◆ Your assignment: Please give back only the lines below from the one containing "Five Bedroom Townhouse" to the one containing "Qué enfermedades se", each repeated word for word, both ends included.
··· Provided material ···
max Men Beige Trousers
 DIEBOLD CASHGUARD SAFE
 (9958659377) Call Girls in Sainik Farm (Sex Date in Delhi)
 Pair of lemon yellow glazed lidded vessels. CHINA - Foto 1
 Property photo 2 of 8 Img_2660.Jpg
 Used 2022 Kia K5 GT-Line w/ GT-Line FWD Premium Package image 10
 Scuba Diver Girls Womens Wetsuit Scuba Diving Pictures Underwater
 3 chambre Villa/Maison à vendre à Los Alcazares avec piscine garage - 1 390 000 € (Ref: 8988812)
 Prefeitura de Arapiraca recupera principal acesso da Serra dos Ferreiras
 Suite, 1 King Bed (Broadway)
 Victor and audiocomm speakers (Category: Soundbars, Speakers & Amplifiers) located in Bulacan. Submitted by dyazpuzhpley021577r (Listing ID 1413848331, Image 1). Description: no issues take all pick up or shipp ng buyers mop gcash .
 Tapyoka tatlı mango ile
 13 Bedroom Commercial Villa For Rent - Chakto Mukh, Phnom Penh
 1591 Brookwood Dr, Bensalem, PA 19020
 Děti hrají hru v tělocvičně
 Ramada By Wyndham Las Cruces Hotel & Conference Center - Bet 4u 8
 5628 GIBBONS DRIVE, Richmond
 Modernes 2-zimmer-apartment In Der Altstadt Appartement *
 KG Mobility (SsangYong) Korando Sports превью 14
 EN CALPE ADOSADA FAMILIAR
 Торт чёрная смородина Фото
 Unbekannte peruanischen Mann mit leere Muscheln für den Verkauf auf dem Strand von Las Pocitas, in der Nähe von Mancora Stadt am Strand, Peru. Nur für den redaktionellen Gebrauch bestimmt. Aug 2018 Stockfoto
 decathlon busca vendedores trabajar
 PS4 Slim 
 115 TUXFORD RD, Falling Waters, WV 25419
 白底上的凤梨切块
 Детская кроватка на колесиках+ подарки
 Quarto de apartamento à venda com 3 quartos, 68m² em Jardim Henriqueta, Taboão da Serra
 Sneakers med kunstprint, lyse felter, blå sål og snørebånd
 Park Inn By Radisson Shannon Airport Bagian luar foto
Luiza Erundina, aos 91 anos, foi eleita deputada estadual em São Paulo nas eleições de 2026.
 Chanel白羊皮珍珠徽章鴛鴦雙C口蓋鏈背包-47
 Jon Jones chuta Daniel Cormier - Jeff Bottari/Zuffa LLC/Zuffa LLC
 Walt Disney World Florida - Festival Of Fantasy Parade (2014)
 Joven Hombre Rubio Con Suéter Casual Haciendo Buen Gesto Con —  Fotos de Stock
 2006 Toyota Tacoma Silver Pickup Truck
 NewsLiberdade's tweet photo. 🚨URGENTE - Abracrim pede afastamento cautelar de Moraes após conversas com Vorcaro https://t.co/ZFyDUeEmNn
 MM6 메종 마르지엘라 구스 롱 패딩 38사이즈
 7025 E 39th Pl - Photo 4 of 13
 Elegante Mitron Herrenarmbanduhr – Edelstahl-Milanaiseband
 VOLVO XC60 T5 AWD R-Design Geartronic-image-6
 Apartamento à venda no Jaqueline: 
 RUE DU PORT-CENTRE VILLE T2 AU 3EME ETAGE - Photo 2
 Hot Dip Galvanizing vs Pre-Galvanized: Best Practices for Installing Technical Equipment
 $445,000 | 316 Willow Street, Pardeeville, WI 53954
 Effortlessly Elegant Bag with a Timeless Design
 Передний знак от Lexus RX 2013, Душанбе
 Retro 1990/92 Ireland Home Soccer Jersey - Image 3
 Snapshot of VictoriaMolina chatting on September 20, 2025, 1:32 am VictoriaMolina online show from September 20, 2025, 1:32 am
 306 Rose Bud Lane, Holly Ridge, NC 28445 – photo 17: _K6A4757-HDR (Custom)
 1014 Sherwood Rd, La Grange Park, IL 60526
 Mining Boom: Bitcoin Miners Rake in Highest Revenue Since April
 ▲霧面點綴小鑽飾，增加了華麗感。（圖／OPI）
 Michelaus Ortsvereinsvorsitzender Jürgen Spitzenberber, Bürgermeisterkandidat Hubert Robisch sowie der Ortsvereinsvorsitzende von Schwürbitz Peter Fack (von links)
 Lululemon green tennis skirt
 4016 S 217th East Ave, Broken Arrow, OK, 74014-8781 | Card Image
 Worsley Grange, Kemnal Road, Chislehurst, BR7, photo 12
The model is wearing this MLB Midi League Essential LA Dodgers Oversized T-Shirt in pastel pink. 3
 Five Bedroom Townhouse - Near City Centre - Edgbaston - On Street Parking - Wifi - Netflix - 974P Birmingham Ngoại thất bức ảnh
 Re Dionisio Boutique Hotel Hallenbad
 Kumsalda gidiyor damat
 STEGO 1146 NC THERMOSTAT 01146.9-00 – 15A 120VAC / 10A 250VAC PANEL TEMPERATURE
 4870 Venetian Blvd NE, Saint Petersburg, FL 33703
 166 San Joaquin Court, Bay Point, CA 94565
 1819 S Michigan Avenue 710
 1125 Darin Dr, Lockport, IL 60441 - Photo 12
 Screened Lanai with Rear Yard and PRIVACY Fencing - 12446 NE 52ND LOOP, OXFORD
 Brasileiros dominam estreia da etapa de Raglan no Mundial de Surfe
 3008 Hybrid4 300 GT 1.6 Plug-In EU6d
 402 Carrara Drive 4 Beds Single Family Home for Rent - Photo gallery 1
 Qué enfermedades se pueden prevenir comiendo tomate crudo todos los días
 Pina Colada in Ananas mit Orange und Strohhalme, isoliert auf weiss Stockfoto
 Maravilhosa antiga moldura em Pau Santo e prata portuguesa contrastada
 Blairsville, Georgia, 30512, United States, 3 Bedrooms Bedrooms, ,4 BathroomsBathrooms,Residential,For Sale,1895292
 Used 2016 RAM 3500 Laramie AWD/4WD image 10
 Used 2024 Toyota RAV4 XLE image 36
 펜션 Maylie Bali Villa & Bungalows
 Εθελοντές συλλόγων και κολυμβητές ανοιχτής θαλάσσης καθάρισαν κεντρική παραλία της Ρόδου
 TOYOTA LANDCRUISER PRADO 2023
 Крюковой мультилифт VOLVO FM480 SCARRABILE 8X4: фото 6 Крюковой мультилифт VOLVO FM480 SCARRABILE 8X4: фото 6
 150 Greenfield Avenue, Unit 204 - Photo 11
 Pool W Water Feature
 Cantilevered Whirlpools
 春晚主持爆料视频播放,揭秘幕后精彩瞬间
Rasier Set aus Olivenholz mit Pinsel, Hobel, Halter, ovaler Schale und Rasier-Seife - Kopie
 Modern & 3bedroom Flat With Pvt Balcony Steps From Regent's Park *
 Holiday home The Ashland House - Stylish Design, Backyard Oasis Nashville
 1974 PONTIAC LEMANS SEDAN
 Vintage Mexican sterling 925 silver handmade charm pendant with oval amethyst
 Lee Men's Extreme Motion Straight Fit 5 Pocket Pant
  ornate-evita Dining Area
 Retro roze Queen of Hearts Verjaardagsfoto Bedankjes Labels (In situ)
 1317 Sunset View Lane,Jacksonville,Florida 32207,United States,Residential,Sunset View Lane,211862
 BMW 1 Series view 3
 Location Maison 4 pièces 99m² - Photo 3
···
◆ Written answer:
 Five Bedroom Townhouse - Near City Centre - Edgbaston - On Street Parking - Wifi - Netflix - 974P Birmingham Ngoại thất bức ảnh
 Re Dionisio Boutique Hotel Hallenbad
 Kumsalda gidiyor damat
 STEGO 1146 NC THERMOSTAT 01146.9-00 – 15A 120VAC / 10A 250VAC PANEL TEMPERATURE
 4870 Venetian Blvd NE, Saint Petersburg, FL 33703
 166 San Joaquin Court, Bay Point, CA 94565
 1819 S Michigan Avenue 710
 1125 Darin Dr, Lockport, IL 60441 - Photo 12
 Screened Lanai with Rear Yard and PRIVACY Fencing - 12446 NE 52ND LOOP, OXFORD
 Brasileiros dominam estreia da etapa de Raglan no Mundial de Surfe
 3008 Hybrid4 300 GT 1.6 Plug-In EU6d
 402 Carrara Drive 4 Beds Single Family Home for Rent - Photo gallery 1
 Qué enfermedades se pueden prevenir comiendo tomate crudo todos los días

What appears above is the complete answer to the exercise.